* WHAT TO PRODUCE
Only the lines holding the string "Farm" are needed; copy each of them from the data.

-- -- --

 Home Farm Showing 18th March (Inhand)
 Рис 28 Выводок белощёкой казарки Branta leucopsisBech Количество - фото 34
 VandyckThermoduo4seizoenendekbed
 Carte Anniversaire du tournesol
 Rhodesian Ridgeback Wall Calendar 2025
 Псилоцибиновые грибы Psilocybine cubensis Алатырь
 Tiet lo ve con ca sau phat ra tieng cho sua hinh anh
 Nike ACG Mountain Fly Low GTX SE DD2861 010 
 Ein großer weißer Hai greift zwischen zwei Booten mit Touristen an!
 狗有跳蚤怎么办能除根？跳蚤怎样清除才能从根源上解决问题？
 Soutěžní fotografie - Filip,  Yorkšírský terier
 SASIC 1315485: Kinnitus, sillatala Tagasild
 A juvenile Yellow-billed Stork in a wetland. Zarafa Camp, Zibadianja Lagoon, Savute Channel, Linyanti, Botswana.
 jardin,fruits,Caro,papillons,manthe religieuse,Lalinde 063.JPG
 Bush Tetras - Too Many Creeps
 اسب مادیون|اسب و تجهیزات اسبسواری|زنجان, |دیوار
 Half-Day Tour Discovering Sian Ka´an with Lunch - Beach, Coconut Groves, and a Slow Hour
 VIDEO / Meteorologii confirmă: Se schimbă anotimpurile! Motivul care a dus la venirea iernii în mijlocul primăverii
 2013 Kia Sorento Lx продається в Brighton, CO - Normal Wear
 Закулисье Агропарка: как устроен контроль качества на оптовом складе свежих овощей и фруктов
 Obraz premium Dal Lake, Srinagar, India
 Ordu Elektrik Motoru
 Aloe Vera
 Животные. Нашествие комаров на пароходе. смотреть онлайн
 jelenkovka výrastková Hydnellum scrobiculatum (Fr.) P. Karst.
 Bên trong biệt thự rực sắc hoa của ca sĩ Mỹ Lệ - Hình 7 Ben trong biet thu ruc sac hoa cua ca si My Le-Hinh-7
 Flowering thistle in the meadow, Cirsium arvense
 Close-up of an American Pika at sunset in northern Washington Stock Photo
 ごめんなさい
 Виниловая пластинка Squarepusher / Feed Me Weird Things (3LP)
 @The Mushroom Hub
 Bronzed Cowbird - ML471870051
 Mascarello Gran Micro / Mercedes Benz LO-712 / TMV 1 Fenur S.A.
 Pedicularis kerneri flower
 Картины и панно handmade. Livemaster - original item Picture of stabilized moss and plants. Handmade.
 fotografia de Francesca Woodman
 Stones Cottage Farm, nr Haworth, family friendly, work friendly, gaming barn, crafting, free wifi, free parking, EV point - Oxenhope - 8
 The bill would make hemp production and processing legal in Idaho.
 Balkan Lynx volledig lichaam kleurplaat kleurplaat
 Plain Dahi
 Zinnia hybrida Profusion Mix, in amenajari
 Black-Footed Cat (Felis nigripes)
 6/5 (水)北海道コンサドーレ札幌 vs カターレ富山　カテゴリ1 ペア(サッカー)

-- -- --

* EXERCISE SOLUTION
 Home Farm Showing 18th March (Inhand)
 Stones Cottage Farm, nr Haworth, family friendly, work friendly, gaming barn, crafting, free wifi, free parking, EV point - Oxenhope - 8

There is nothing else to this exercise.